By replicating all of Wikipedia within its infrastructural foundation, Everipedia commodifies Wikipedia pages and the process of their creation. This commodification draws from the social capital of produsage to generate economic capital within the incentive structures of Everipedia IQ traded and exchanged within its domain. Everipedia is, in other words, built upon the ability to transform free labor and the outputs of this labor into economic exchange value. Even prior to a single transaction, Everipedia IQ is always-already suffuse with value inscribed in it by produsers of Wikipedia content. This not only exploits public resources and replicates hierachicical conditions of work performed in capitalist marketplaces, but further stresses contradictions built into Everipedia and its intertwined ideologies around decentralization, autonomy, and techno-economic arrangements. What Everipedia supposes about the future of Wikipedia-style curation and collaboration owes less to existing beyond the control and centralized power structures and more to replicating the ability to amass power through market incentives. Looking forward, one point of speculation about the trajectory of collectivized intelligence and peer production involves possibilities for autonomy if the blockchain sheds its association with cryptocurrency and market incentives.
Notably, Adam Greenfield speculates about the possibilities of DAO for “decentralized, non-hierarchical organization of political movements” (2017, 168). If uncoupled from marketplace ideologies and economic incentive structures of cryptocurrency markets, the blockchain possesses the potential to distribute prosocial, democratic power to socio-economic arenas.
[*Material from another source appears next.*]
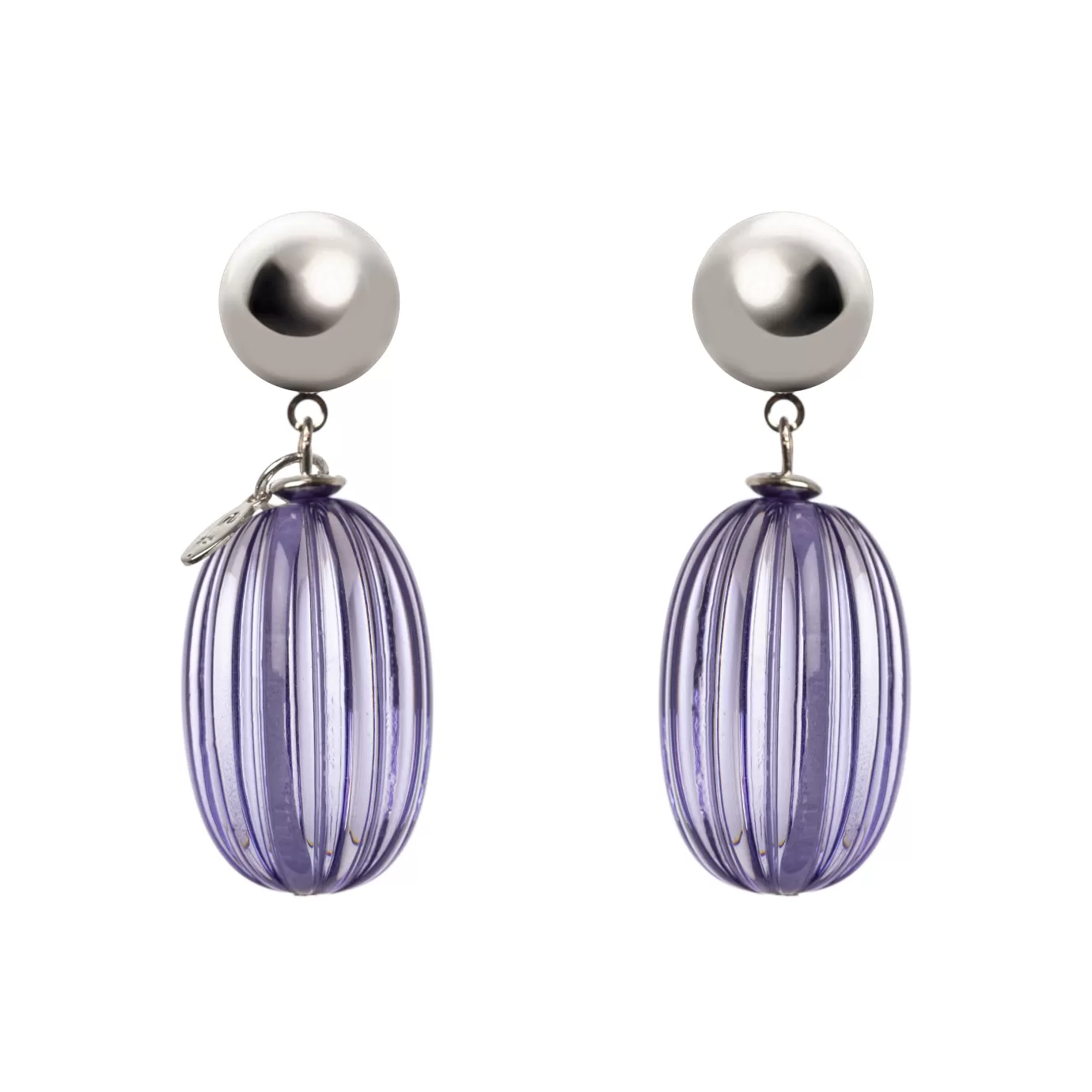 Boucles d'oreilles olives plissées Sodini - Élégance suspendue au design organique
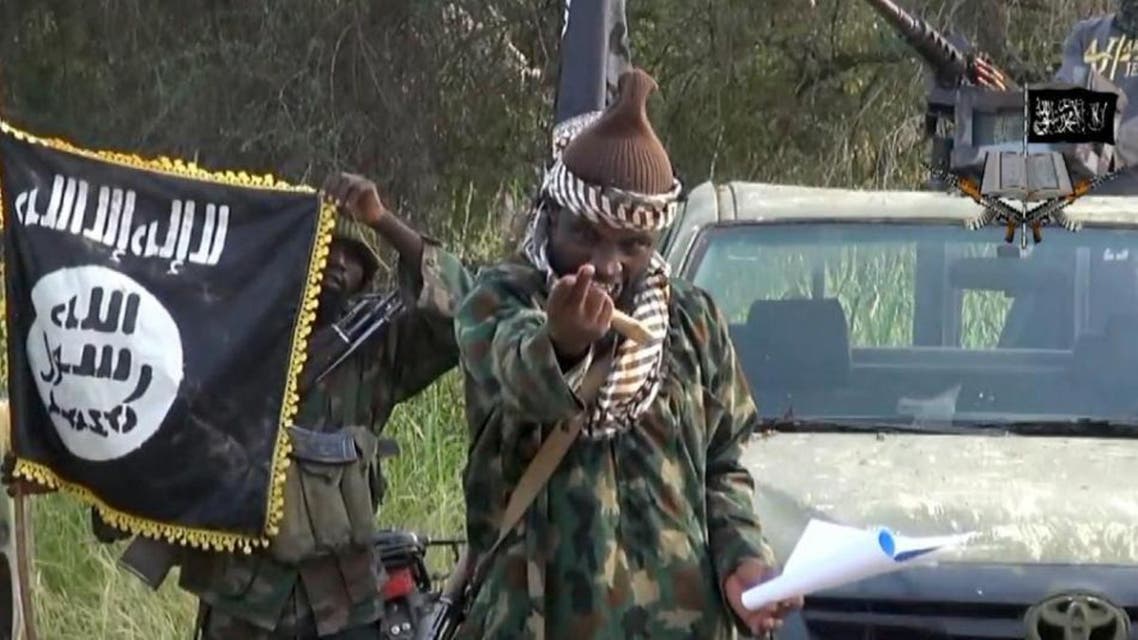 Screengrab taken on October 2, 2014 from a video released by the Nigerian Islamist extremist group Boko Haram and obtained by AFP shows the leader of the Nigerian Islamist extremist group Abubakar Shekau (AFP Photo/)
This might include, for instance, the ability for worker-owned cooperatives to self-organize their work and democratic participation in collective ownership of companies and modes of production. In this way, disentangling blockchain from cryptocurrency opens up possibilities for logics of collective intelligence, commons-based peer production, and produsage built into Wikipedia and other online resources to shape how blockchain and automated technologies can be put to use across virtual and material domains. Twenty years after the emergence of Wikipedia, understanding the circumstances that gave rise to its beneficial aspects warrants continuing focus on socio-economic notions of autonomy, automation, and (de)centralization and their instantiation in social, economic, and political arrangements.